Fin dagli ultimi decenni del secolo scorso l’autorità del museo come unico depositario del sapere ha cominciato ad essere messa in discussione. Questa spinta verso la democratizzazione e la partecipazione del pubblico alla co-creazione della conoscenza è stata sostenuta da vari fattori come, ad esempio, l’applicazione dei metodi di indagine statistica al mondo della cultura. 

Uno dei primi e più autorevoli studi sociologici sui frequentatori dei musei, L’amore dell’arte, è stato condotto da Pierre Bourdieu in collaborazione con Alain Darbel e Dominique Schnapper nel 1966. I risultati di questa indagine all’epoca ebbero un enorme impatto e portarono al riconoscimento dell’esistenza non di un unico pubblico, ma di pubblici socialmente differenziati, e alla scoperta che l’accesso alla cultura è caratterizzato da una forte disuguaglianza sociale in favore delle classi più ricche di capitale culturale.

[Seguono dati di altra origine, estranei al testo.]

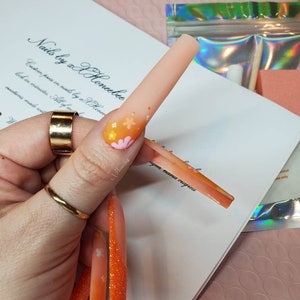 Peut inclure: Des ongles press-on orange et rose avec des paillettes et des motifs floraux. Les ongles sont longs et de forme carr&eacute;e. Le texte "Nails by xX Honeebec" est &eacute;crit sur une surface blanche.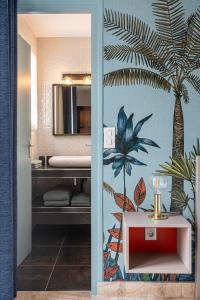 a bathroom with a painting of a palm tree on the wall at Une Escale à Pornic chambres d'hôtes 4 épis in Pornic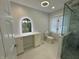 Elegant bathroom featuring a double vanity, hexagon tile, and glass shower at 2413 Griton Ct, Shelbyville, IN 46176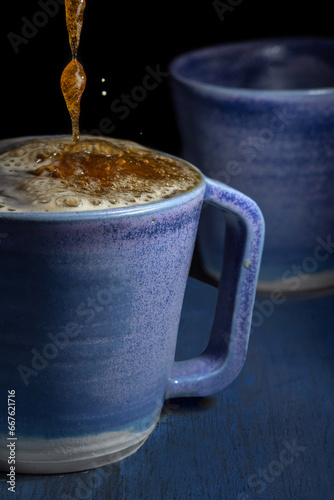 Close up of blue porcelain coffee cups with froth on a black background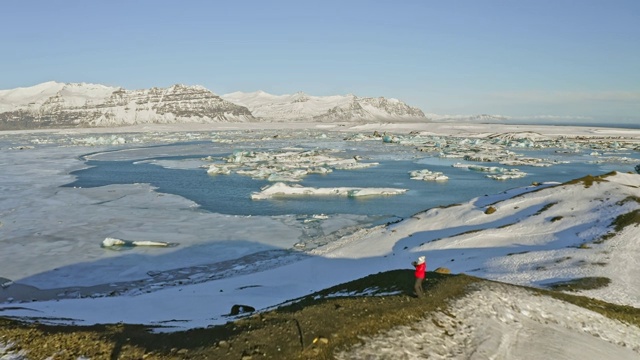 鸟瞰图视频的成熟女人参观Jokulsarlon礁湖，冰岛视频下载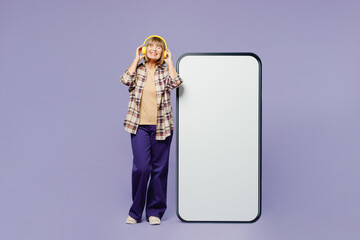 Full body elderly woman 50s years old wear beige t-shirt shirt casual clothes headphones big huge blank screen mobile cell phone smartphone with area listen music isolated on plain purple background.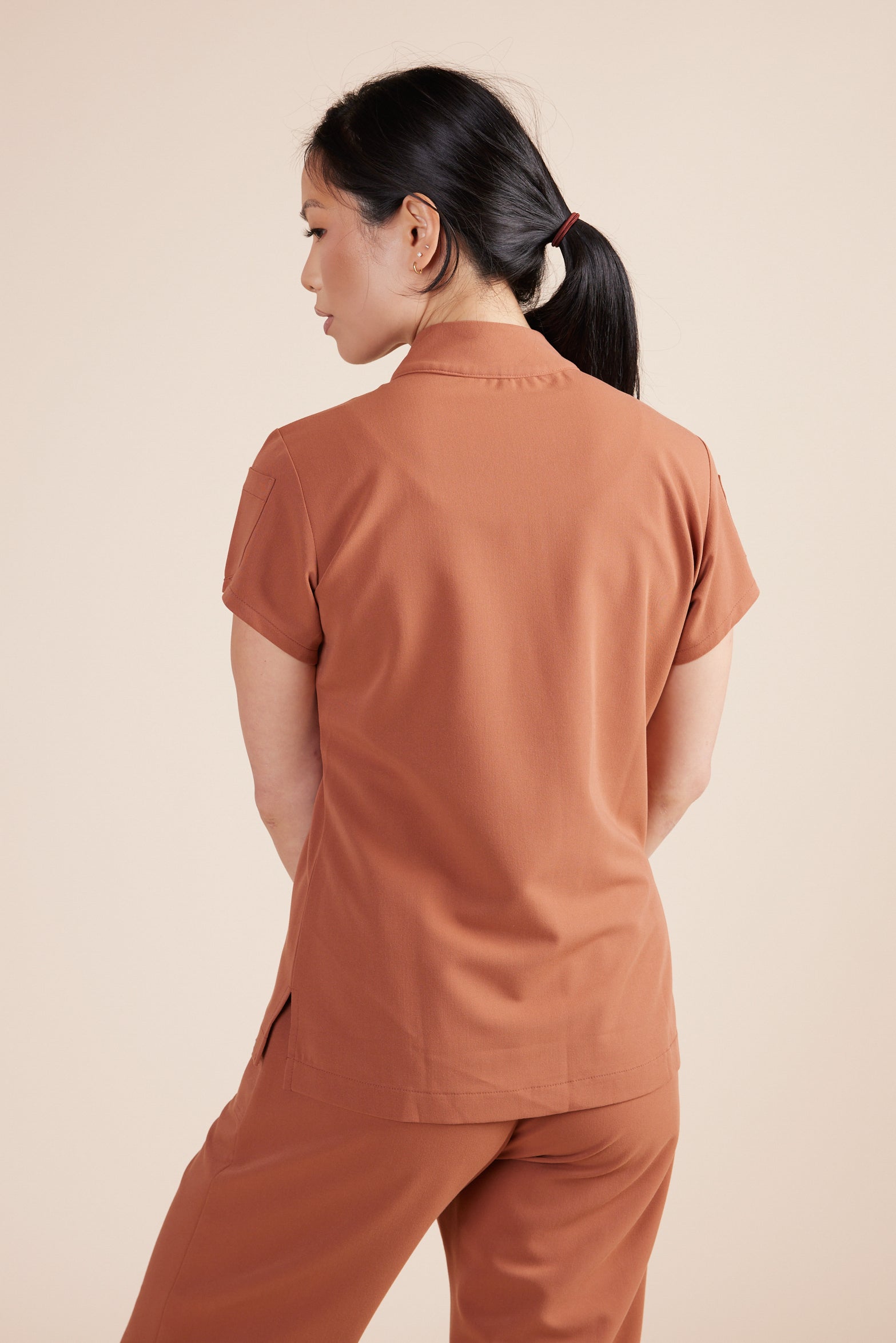 Jackie Scrub Top in Terracotta by DUES – luxury scrub top sewn in the USA, featuring contrast key loops, side splits, and high-stretch panels for comfort and mobility.
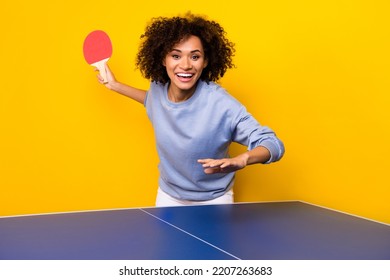 Portrait of positive cheerful person hold ping pong racket playing tennis isolated on yellow color background - Powered by Shutterstock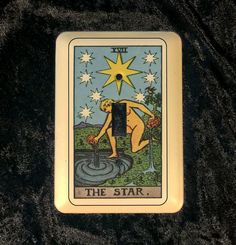 a tarot card with the star on it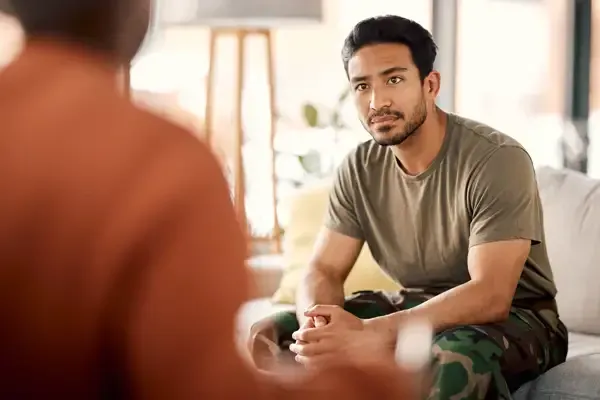 Young veteran consulting with an expert
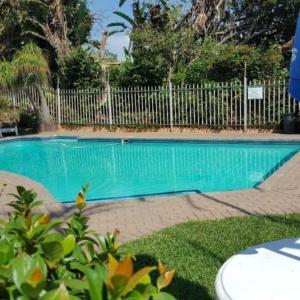 a swimming pool in a yard with a fence at Mangrove Beach Estate Boboyi in Port Shepstone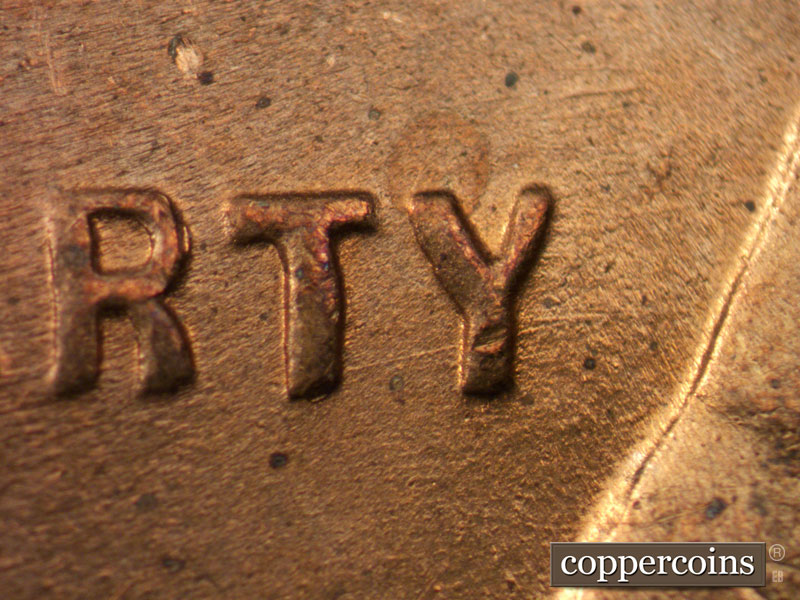 Die-stage B marker on 1945P•1DO•001 (1945 Doubled Die Obverse).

The British Museum: the Etruscan Room, with visitors. Wood engraving, 1847.. Credit: Wellcome Collection. Attribution 4.0 International (CC BY 4.0)

The British Museum: the Etruscan Room, with visitors. Wood engraving, 1847.. Credit: Wellcome Collection. Attribution 4.0 International (CC BY 4.0)


Questa ricerca evidenziò anche che la disposizione alla cultura non è innata ma socialmente appresa. La mancanza del riconoscimento degli aspetti sociali che influenzano l’accesso alla cultura funziona quindi da ostacolo alla democratizzazione della cultura stessa.

Un altro fattore che ha contribuito al riconoscimento del ruolo del visitatore dei musei come attivo partecipante e interprete è stato l’avvento delle nuove tecnologie dell’informazione. Grazie all’evoluzione degli studi sulle comunicazioni di massa e, in particolare, con il passaggio dal paradigma informazionale a quello relazionale, è stato evidenziato che il messaggio non è immutabile, oggettivo e neutrale, ma è attualizzato e interpretato da un ricevente che non è un contenitore passivo, ma un soggetto attivo inserito in un contesto socio-culturale con un proprio bagaglio di conoscenze e esperienze.

Il museo contemporaneo si trova dunque nella condizione di dover ripensare il suo rapporto con il pubblico e, in parte, a dover abbandonare il suo ruolo di archivio universale, esclusivamente dedito allo studio e alla conservazione di opere di valore storico-artistico per occuparsi, in primo luogo, di apprendimento e di trasmissione culturale, adempiendo al suo imprescindibile ruolo sociale attraverso l’incoraggiamento alla partecipazione, alla discussione, alla collaborazione tra diverse entità, alla condivisione delle idee e dei punti di vista dei pubblici utilizzando diverse forme di espressione.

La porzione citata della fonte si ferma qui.